Every record must be repeated exactly, with no omission.

(Crawled caption data)
=== Begin Enclosure ===

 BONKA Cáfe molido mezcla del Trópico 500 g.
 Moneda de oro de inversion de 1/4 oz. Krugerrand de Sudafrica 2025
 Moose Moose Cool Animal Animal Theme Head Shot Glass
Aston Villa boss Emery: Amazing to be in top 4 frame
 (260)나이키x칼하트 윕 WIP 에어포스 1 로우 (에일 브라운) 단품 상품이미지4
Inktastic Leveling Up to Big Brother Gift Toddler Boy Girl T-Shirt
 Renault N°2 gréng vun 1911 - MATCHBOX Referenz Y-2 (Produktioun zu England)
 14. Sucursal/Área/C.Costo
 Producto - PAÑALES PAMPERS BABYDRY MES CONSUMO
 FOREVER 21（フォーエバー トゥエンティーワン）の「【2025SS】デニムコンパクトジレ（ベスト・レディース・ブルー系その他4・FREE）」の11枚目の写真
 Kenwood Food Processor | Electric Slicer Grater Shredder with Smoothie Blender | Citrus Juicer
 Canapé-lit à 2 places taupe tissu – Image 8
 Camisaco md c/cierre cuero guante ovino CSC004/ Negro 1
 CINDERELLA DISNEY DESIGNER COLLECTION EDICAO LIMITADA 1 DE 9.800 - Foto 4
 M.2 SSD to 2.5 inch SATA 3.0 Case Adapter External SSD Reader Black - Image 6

=== End Enclosure ===

[RESPONSE TO THE EXERCISE]
 BONKA Cáfe molido mezcla del Trópico 500 g.
 Moneda de oro de inversion de 1/4 oz. Krugerrand de Sudafrica 2025
 Moose Moose Cool Animal Animal Theme Head Shot Glass
Aston Villa boss Emery: Amazing to be in top 4 frame
 (260)나이키x칼하트 윕 WIP 에어포스 1 로우 (에일 브라운) 단품 상품이미지4
Inktastic Leveling Up to Big Brother Gift Toddler Boy Girl T-Shirt
 Renault N°2 gréng vun 1911 - MATCHBOX Referenz Y-2 (Produktioun zu England)
 14. Sucursal/Área/C.Costo
 Producto - PAÑALES PAMPERS BABYDRY MES CONSUMO
 FOREVER 21（フォーエバー トゥエンティーワン）の「【2025SS】デニムコンパクトジレ（ベスト・レディース・ブルー系その他4・FREE）」の11枚目の写真
 Kenwood Food Processor | Electric Slicer Grater Shredder with Smoothie Blender | Citrus Juicer
 Canapé-lit à 2 places taupe tissu – Image 8
 Camisaco md c/cierre cuero guante ovino CSC004/ Negro 1
 CINDERELLA DISNEY DESIGNER COLLECTION EDICAO LIMITADA 1 DE 9.800 - Foto 4
 M.2 SSD to 2.5 inch SATA 3.0 Case Adapter External SSD Reader Black - Image 6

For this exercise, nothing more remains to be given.